_Stored data_:
——————————

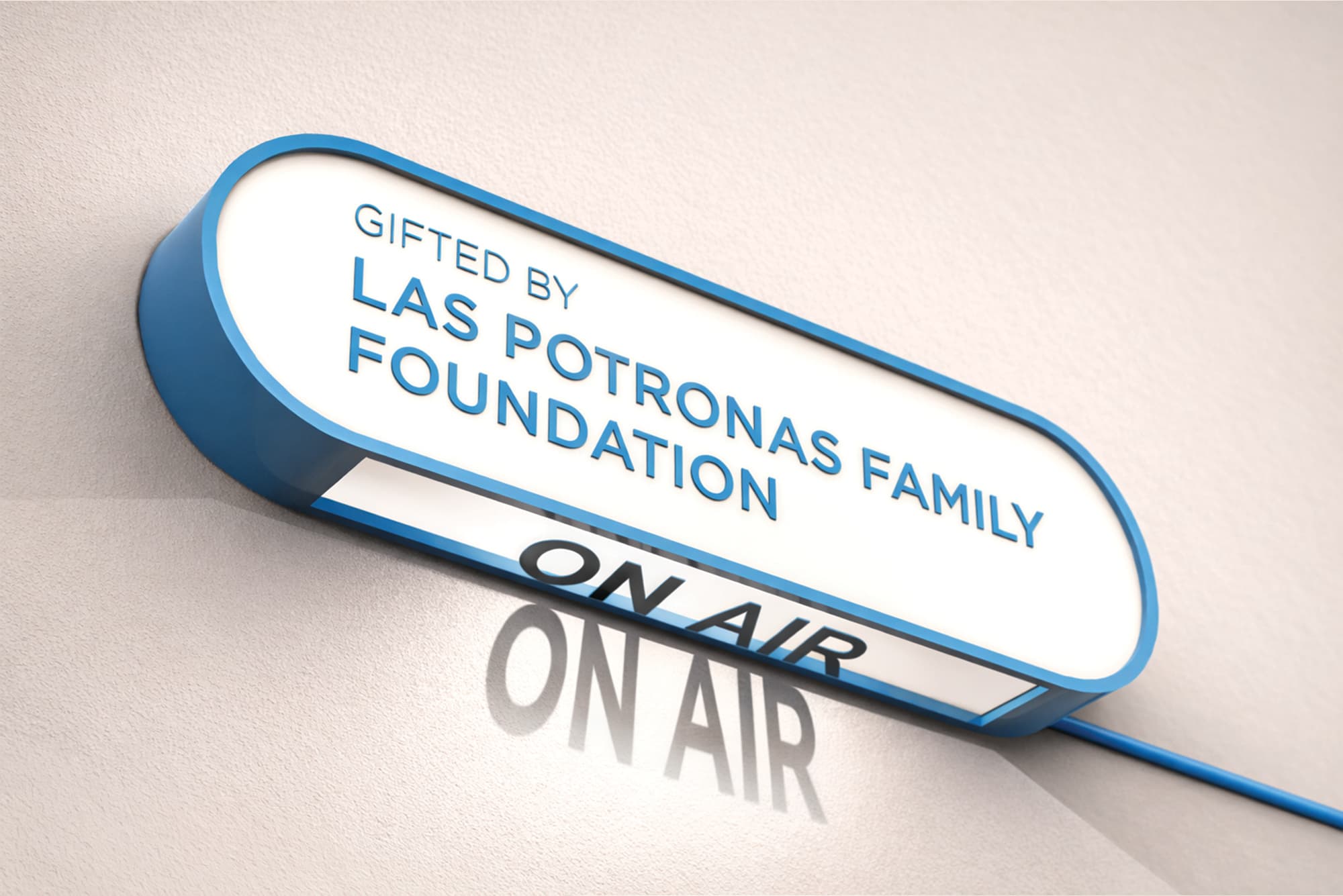 Branded donor recognition signage integrated with illuminated “On Air” indicator, showcasing environmental graphic design, experiential storytelling, and identity-driven signage by RSM Design within a media, broadcast, and cultural environment.
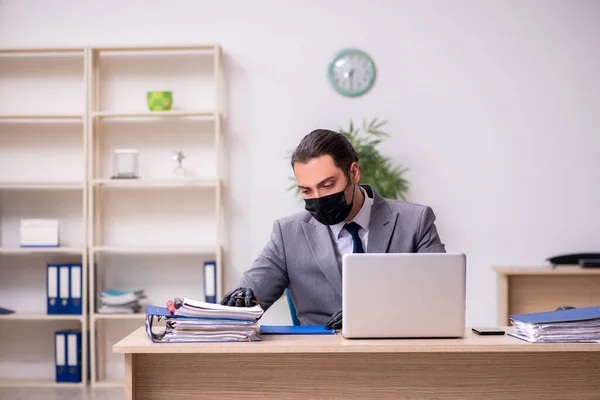 Jovem funcionário do sexo masculino no escritório durante a doença pandêmica — Fotografia de Stock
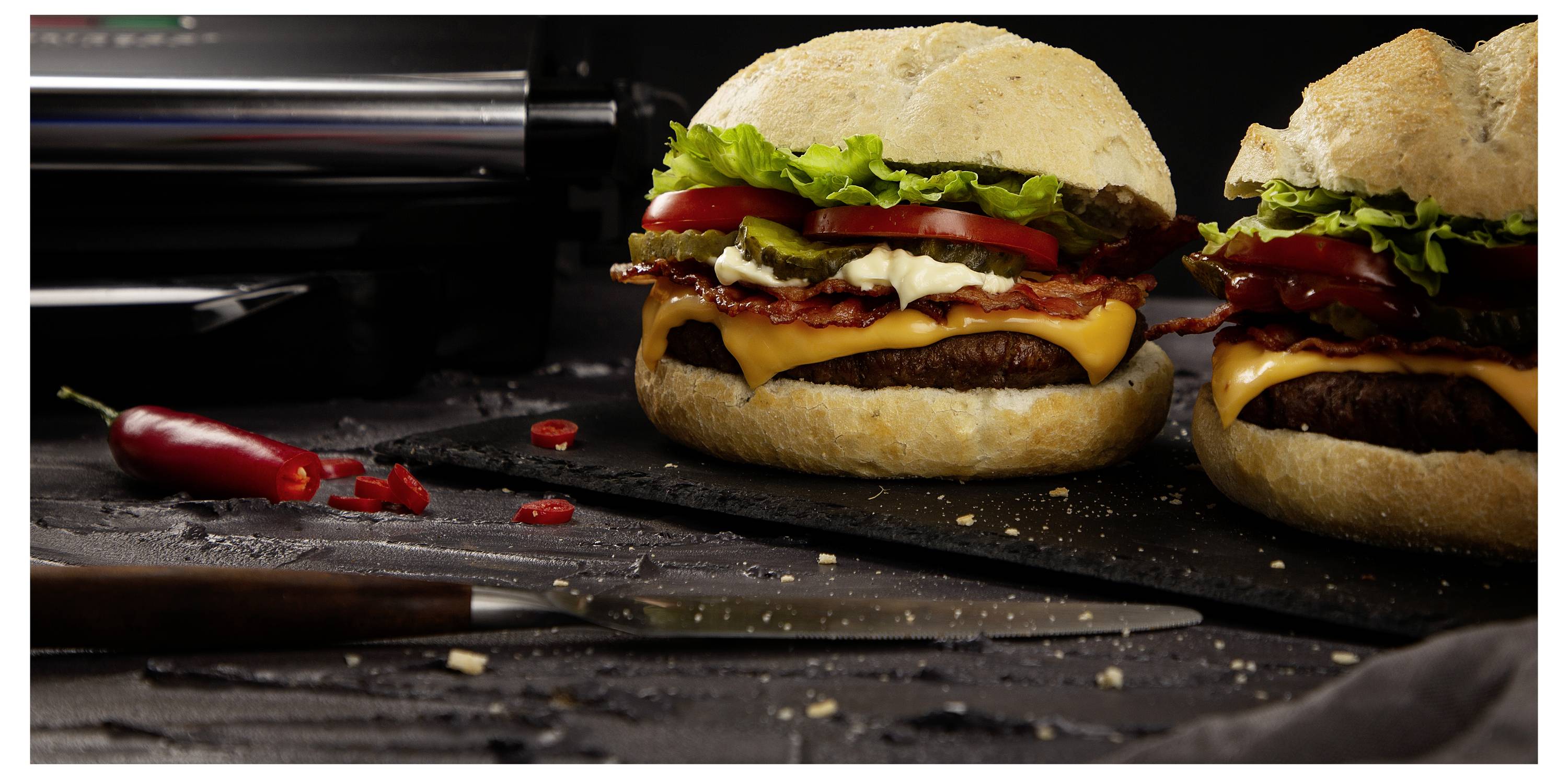 Nahaufnahme von zwei Cheeseburgers mit Salat und Tomate auf einer dunklen Arbeitsfläche, mit einem Messer und einer roten Paprika im Vordergrund.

——————————

Leaving out the images, repeat the listing above exactly.

_Response to this task_:
 Branded donor recognition signage integrated with illuminated “On Air” indicator, showcasing environmental graphic design, experiential storytelling, and identity-driven signage by RSM Design within a media, broadcast, and cultural environment.
 Jovem funcionário do sexo masculino no escritório durante a doença pandêmica — Fotografia de Stock
 Nahaufnahme von zwei Cheeseburgers mit Salat und Tomate auf einer dunklen Arbeitsfläche, mit einem Messer und einer roten Paprika im Vordergrund.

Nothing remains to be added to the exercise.